Will put the dog on the floor. She trotted off into the kitchen. Angie heard her drinking some water.

“What’s wrong?” Will repeated, muting the stereo.

“You need to talk to Aleesha’s pimp.”

“Baby G?” Will asked. “He’s dead.”

“What?”

“He died this afternoon,” Will told her. “His cousins got sick of being pushed around.”

“Slow down,” she said, though she was the one with the racing heart. “Tell me what happened.”

He narrowed his eyes, but still told her. “The day that Michael and I talked to Baby G, there were two kids sitting on the hood of his BMW. G said they were his cousins.”

Angie sat on the couch. “Okay.”

“He chased them off with a bat. I guess they didn’t like it. They ambushed him, shot him three times.”

“Sit down,” Angie told him. She hated when he hovered over her. “Are you sure that’s what happened? The cousins shot him?”

“As sure as you can be when you’re dealing with these thugs.” Will sat beside her. “I talked to the arresting officer this afternoon. The kids will probably be tried as adults. One’s already flipped on the other. He’s got a record, a drug bust, an assault. This would be his third strike. He’s trying to talk his way out of a life sentence.”

“Are you sure they’re not involved in the case?”

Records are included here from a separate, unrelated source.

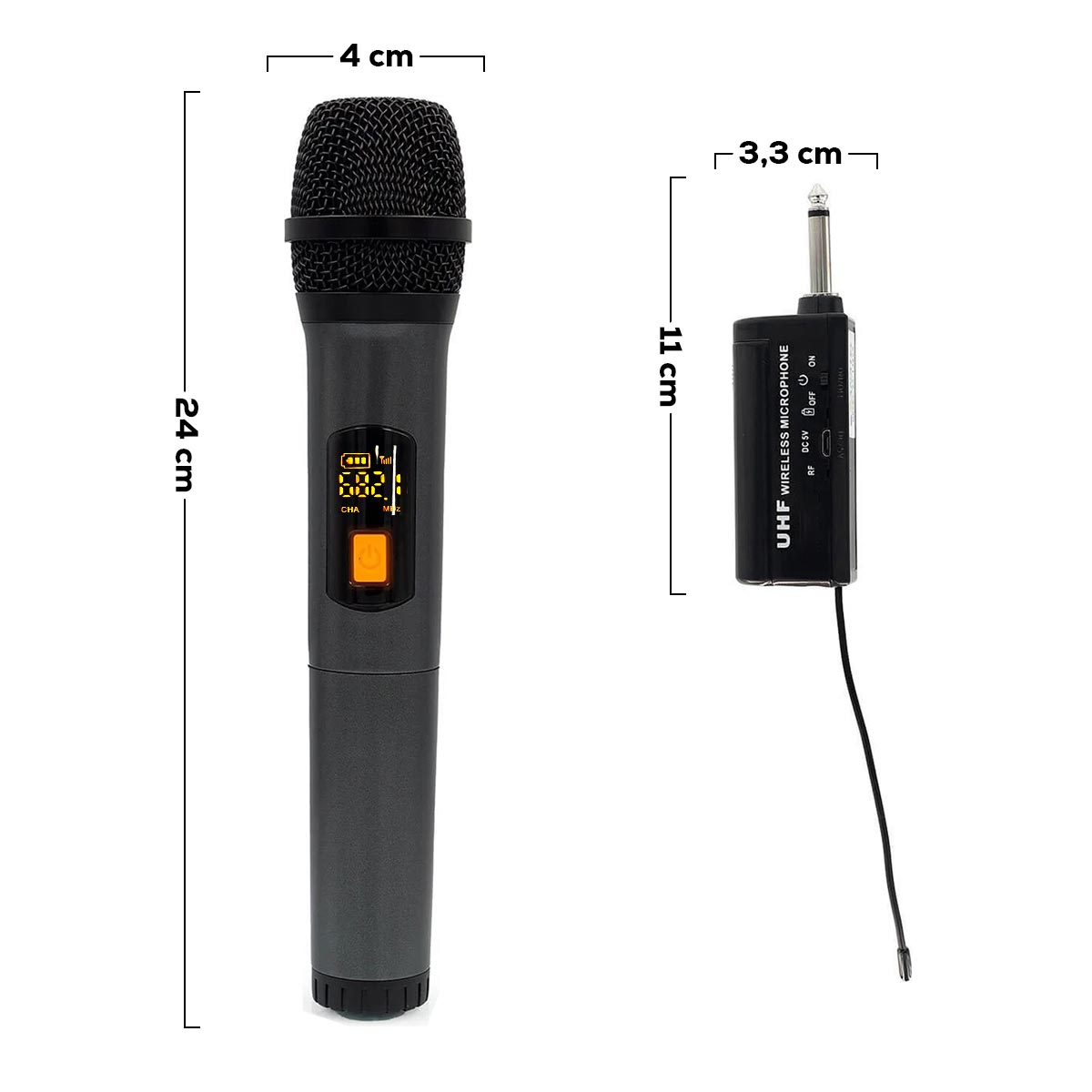 Miniatura 8 de Micrófono Inalámbrico DX-U110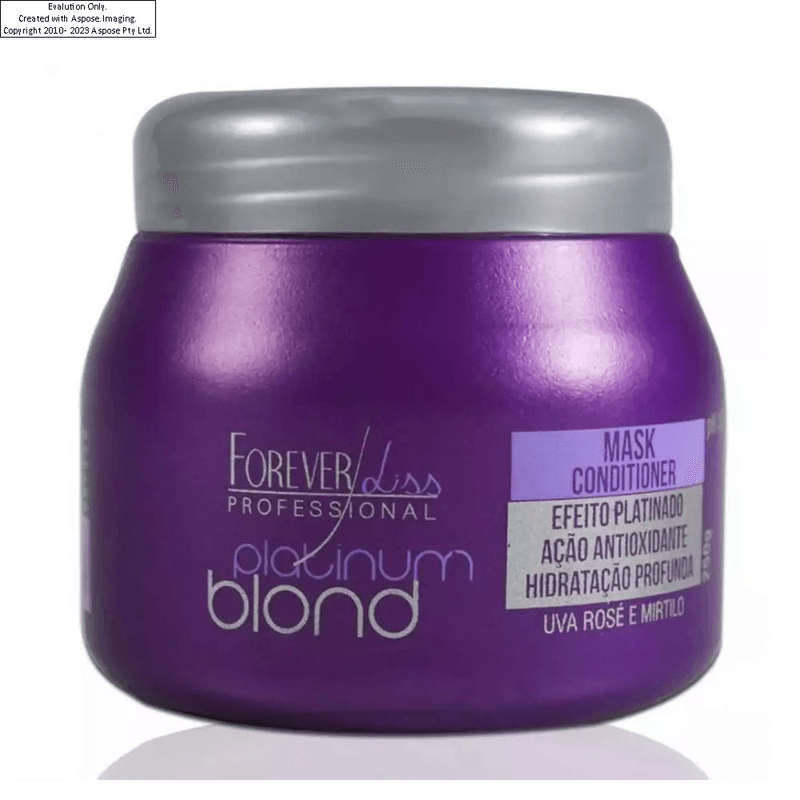 mascara-matizadora-forever-liss-platinum-blond-250g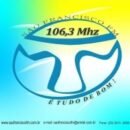 Rádio São Francisco FM 106.3 Itambacuri / MG - Brasil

“Neither one of them even knew Aleesha.”

Angie nodded, letting him know that she had heard him. She was too shocked to talk. Whatever Baby G knew about Michael Ormewood would be taken to his grave.

Will said, “You look bad.”

“Thanks.”

“I mean it,” he said. “What’s wrong with you?”

“I had a really hard day,” she told him, suddenly feeling everything catch up with her. “I had to go to the hospital.”

He sat up, took her hand. “Are you okay?”

“Not for me.” She lied because it was easier than dealing with his anger if he found out she’d gone to Piedmont this morning to put the fear of Jesus into Ormewood’s wife. “I took one of the girls in. It wasn’t anything bad. Women stuff.”

Will nodded, and she knew he wouldn’t press her.

Christ, what a mess. She had things to tell him but didn’t know where to begin. What could she say? That the night of Ken’s party, Michael was rough with her? That Michael was the kind of guy you couldn’t change your mind with? That with him, once things got started, there was no such thing as stopping?

She could still remember how much it hurt the next day, the bruises on her thighs, the feeling that something deep inside her had been torn. Shit, she’d been drunk out of her mind, but the marks on her skin were clear enough to tell the story.

“You okay?” Will tucked her hair behind her ear. The gentle gesture was something new. He never touched her like that, or maybe she never let him.

She said, “It was hard being there,” not telling him exactly where “there” was. “I kept thinking about my mom.”

Will stroked her hair and she wanted to close her eyes, put her head on his shoulder. Angie had taken him to see her mother a couple of times. Going to her mother’s grave would have been easier for Angie than seeing Deidre lying in that hospital bed, not knowing if somewhere behind those closed eyes she was screaming for help. Why did Angie love the one person she should hate the most?